Start of Block

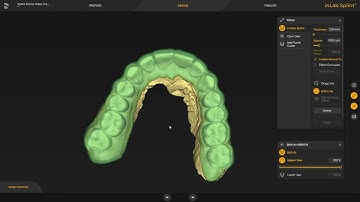 Primeprint Solution Workflow para crear una férula CEREC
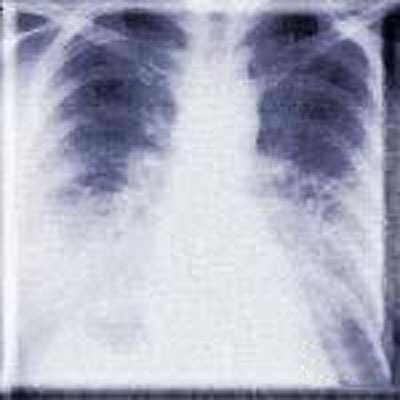 x-ray view mitral stenosis causing interstitial edema with a normal-sized cardiac silhouette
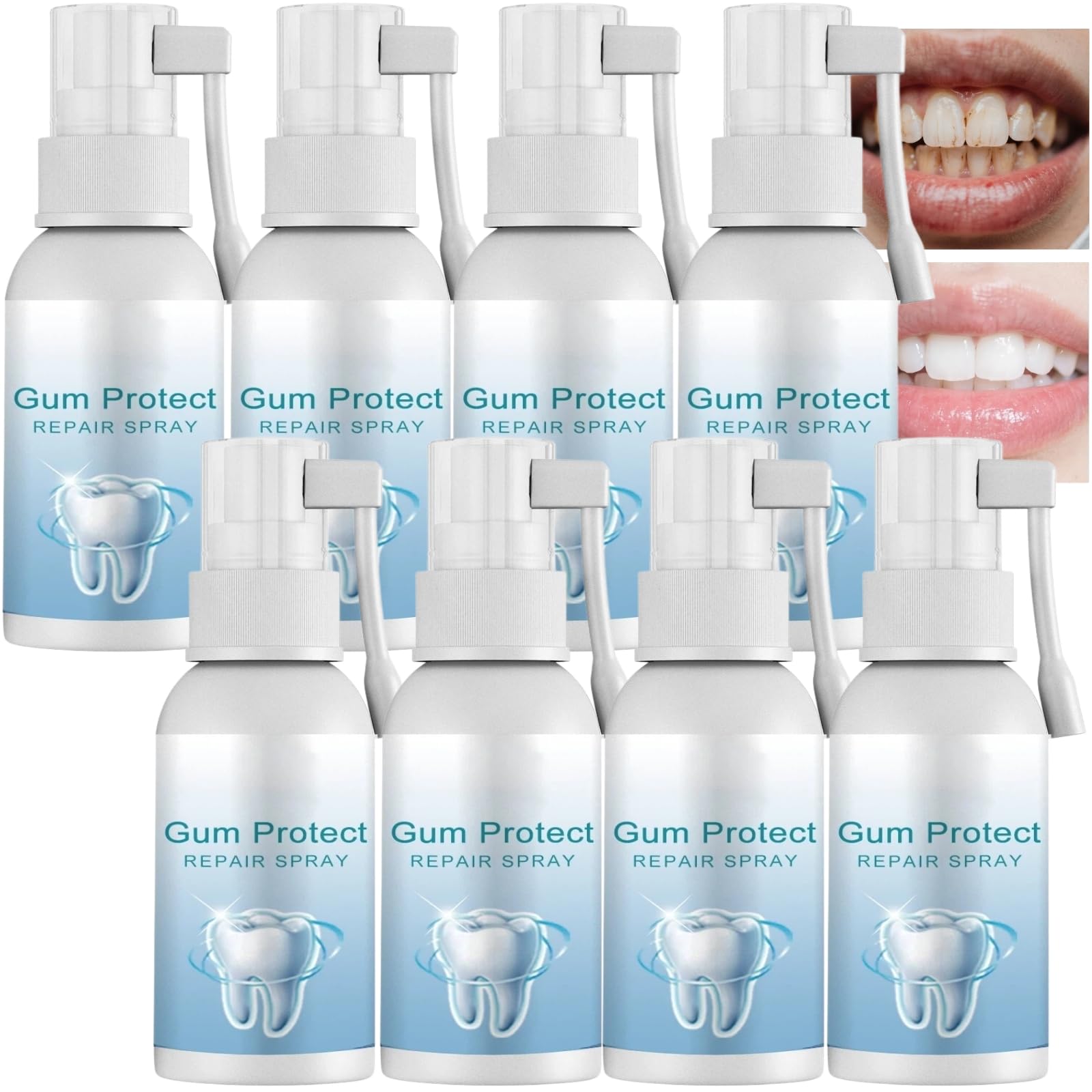 Trattamento riparatore per gengive retratte, spray antidolorifico dentale, spray orale alla propoli, sollievo dal mal di denti, lenimento rapido delle gengive, attenuazione (8 pezzi)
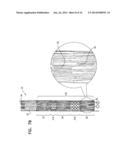 WIRELESS ENDOVASCULAR STENT-BASED ELECTRODES diagram and image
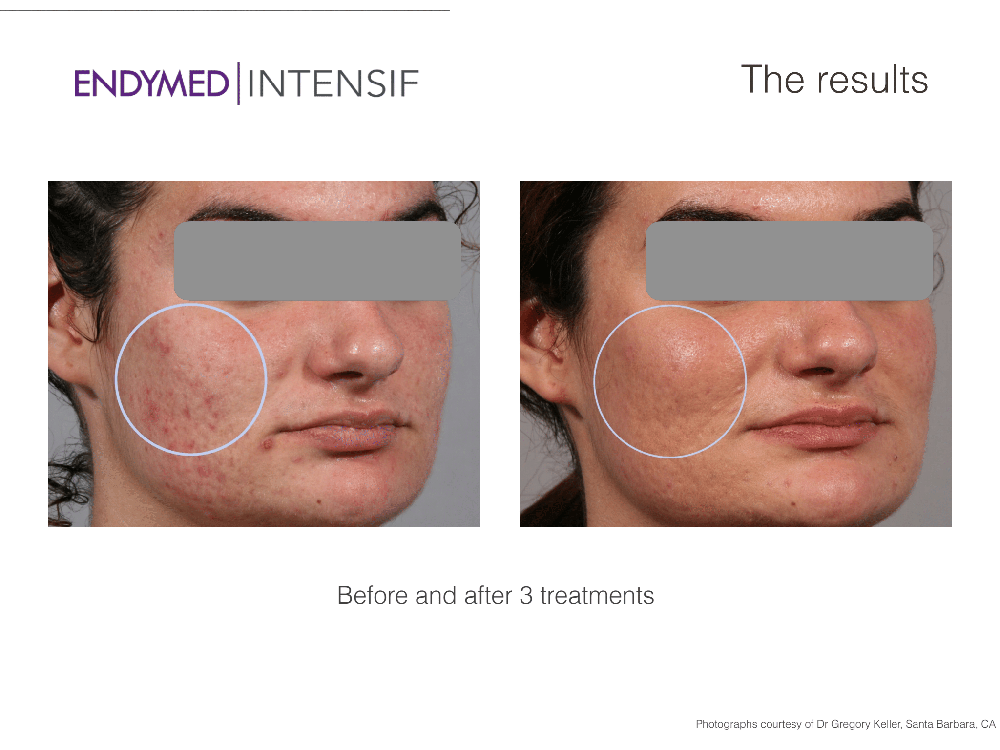 before and after EndyMEd Intensif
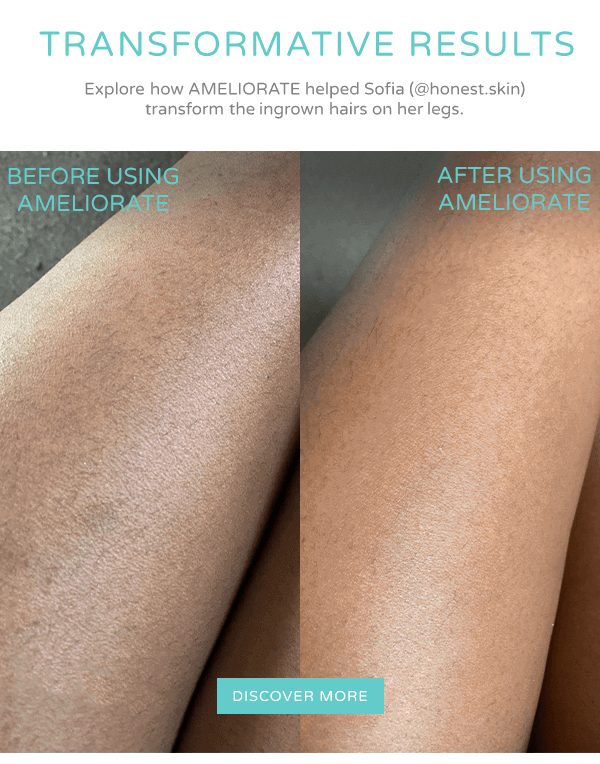 Transformative Results with AMELIORATE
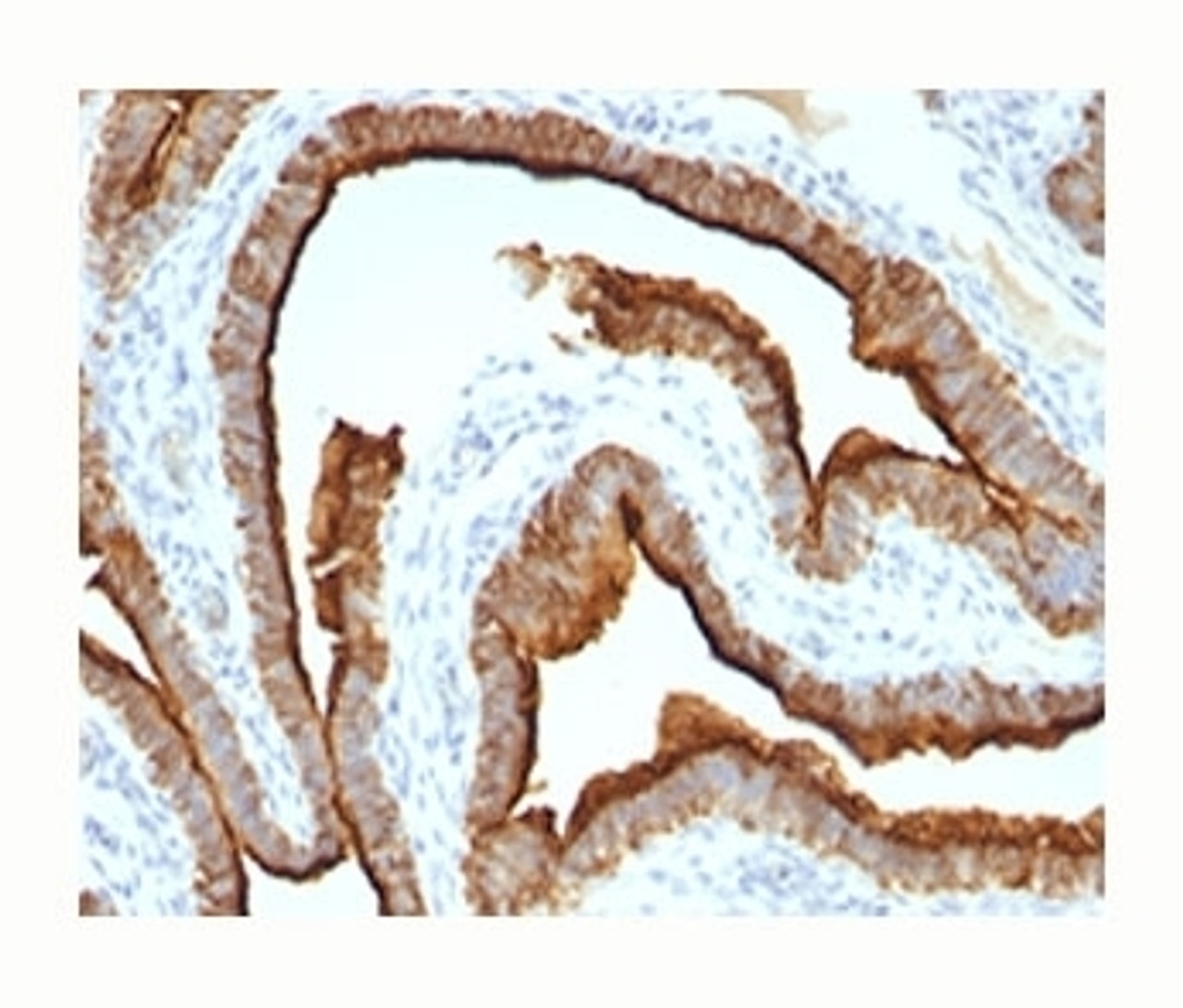 Epithelial Marker Antigen antibody IHC testing of formalin-paraffin human ovarian cancer tissue.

End of Block

What the task requires:
In the data above, find the line with "Trattamento riparatore per" and the line with "before and after EndyMEd Intensif". Please copy exactly those two lines and every line between them, but not the pictures.

Answer:
 Trattamento riparatore per gengive retratte, spray antidolorifico dentale, spray orale alla propoli, sollievo dal mal di denti, lenimento rapido delle gengive, attenuazione (8 pezzi)
 WIRELESS ENDOVASCULAR STENT-BASED ELECTRODES diagram and image
 before and after EndyMEd Intensif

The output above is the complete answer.